Common misconceptions

  • “Cgroup v1 and v2 are the same” -> They differ significantly.
  • “Delegation gives full control” -> It only grants subtree management.

Check-your-understanding questions

  1. Why is Delegate=yes needed for containers?
  2. How do you set CPU limits in systemd?
  3. Where do you read current memory usage?
  4. Why apply limits at the unit level?

Check-your-understanding answers

  1. Containers need to create sub-cgroups for their processes.
  2. Use CPUQuota or CPUWeight.
  3. Read memory.current in the unit cgroup.
  4. It ensures limits cannot be bypassed by sub-cgroups.

Real-world applications

  • Container runtimes (podman, systemd-nspawn).
  • Service-level resource isolation.

Where you’ll apply it

References

  • systemd.resource-control documentation.
  • Linux cgroup v2 kernel docs.

Key insights

Delegate cgroup control, but keep unit-level limits enforced by systemd.

Summary

Cgroup delegation is the key to safe container resource control.

Homework/exercises to practice the concept

  1. Set a memory limit and verify memory.current.
  2. Set CPUQuota and run a busy loop.
  3. Enable delegation and create a sub-cgroup.

Solutions to the homework/exercises

  1. systemd-run --scope --property=MemoryMax=64M /bin/sleep 10 and inspect cgroup files.
  2. Use CPUQuota=20% and observe CPU usage.
  3. Use cgcreate or manual mkdir in delegated cgroup.

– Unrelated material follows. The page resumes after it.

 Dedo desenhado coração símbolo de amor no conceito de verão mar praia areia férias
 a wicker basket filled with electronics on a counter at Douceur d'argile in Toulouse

Concept 3: Namespaces and Container Init

Fundamentals

Namespaces isolate system resources. A container typically uses PID, mount, UTS, IPC, and network namespaces. The container init process runs as PID 1 inside the namespace and must reap zombies and handle signals correctly. Without a proper init, processes may leak and signals may not propagate, causing stuck containers. This concept explains how to create namespaces and why PID 1 behavior matters.

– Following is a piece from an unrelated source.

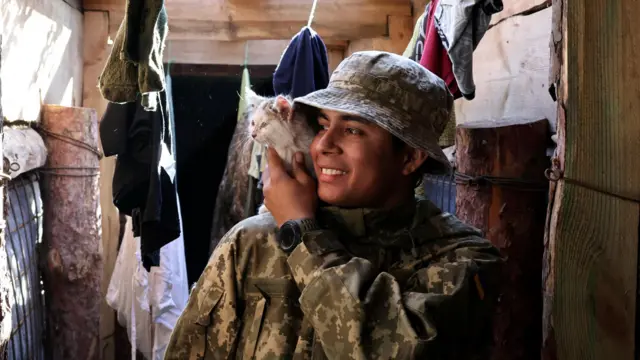 Смуглый юноша в камуфляже с белым котенком на плече в блиндаже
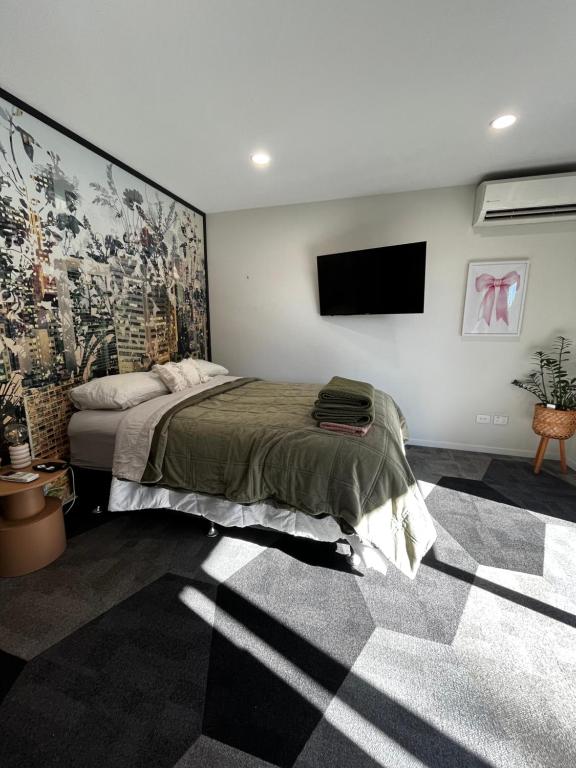 a bedroom with a bed and a flat screen tv at 2 Bedroom Comfortable Guest Wing in Hamilton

Deep Dive into the Concept

The PID namespace isolates process IDs, so the first process inside becomes PID 1. PID 1 has special responsibilities: it reaps orphaned children and handles signals differently. Many programs ignore SIGTERM if they are PID 1. This is why container runtimes often use a minimal init like tini. In your runtime, you can implement a tiny init or require that the container command behaves properly.

The mount namespace isolates filesystem mount points. A runtime typically mounts a root filesystem and uses pivot_root() or chroot() to make it the container root. It must mount /proc inside the container so that tools like ps work. If /proc is missing, many programs will fail. The UTS namespace isolates hostname, allowing each container to have its own hostname. The network namespace isolates interfaces; you can connect it to the host with a veth pair or run in host network mode for simplicity.

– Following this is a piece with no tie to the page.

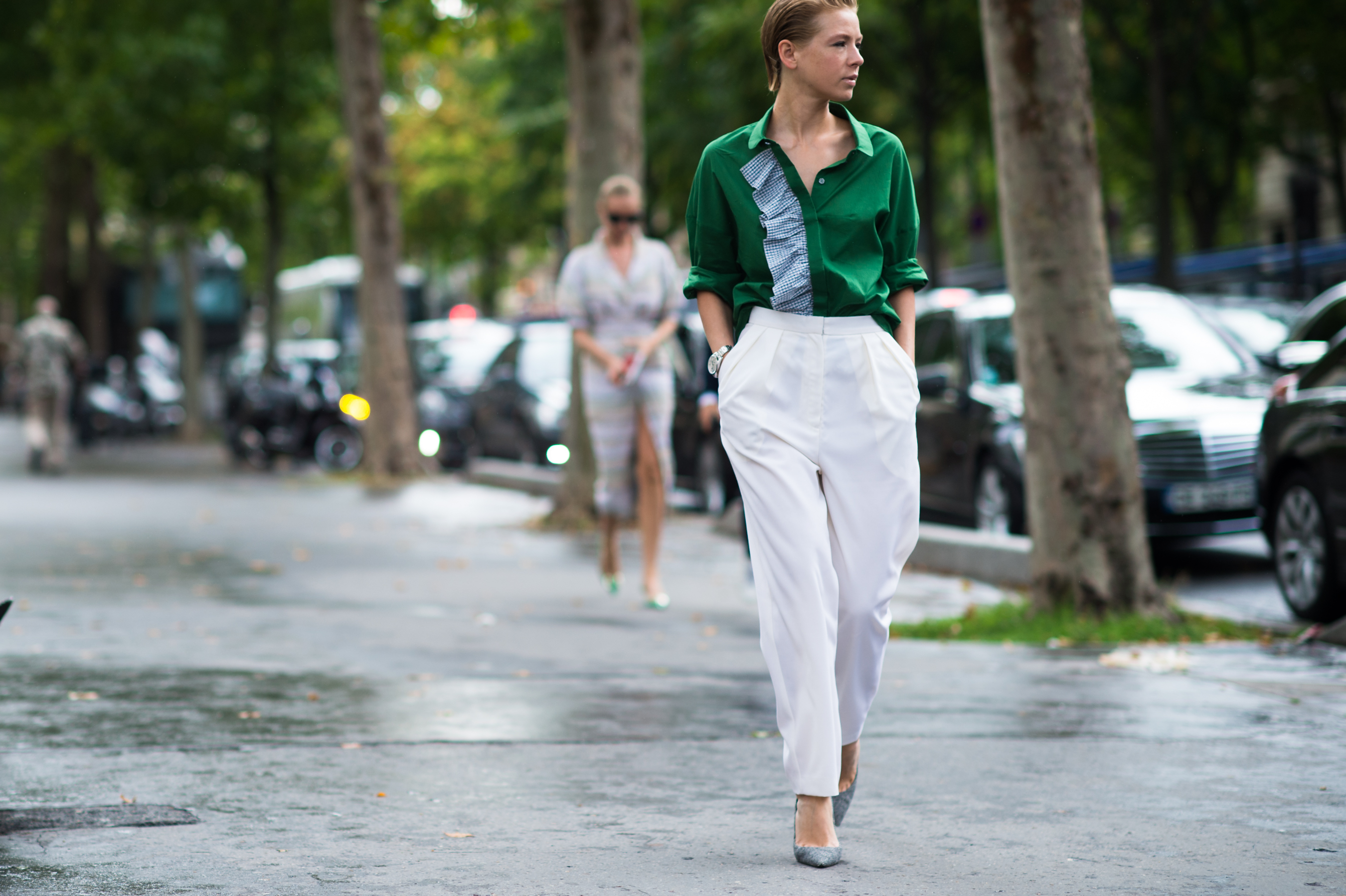 Russian designer wearing green and white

Creating namespaces can be done with clone() or unshare(). clone() allows you to create a new process in the new namespaces directly; unshare() changes the current process. A common pattern is to clone() a child with the desired namespaces and then exec the container init. The parent can remain in the host namespace and manage the child.

Signal handling is critical. When you send SIGTERM to a container, it should reach PID 1 in the container and then propagate to children. If PID 1 ignores SIGTERM, the container will not stop cleanly. Your runtime should implement a shutdown sequence: send SIGTERM, wait for a timeout, then SIGKILL. This mirrors systemd behavior and prevents zombies.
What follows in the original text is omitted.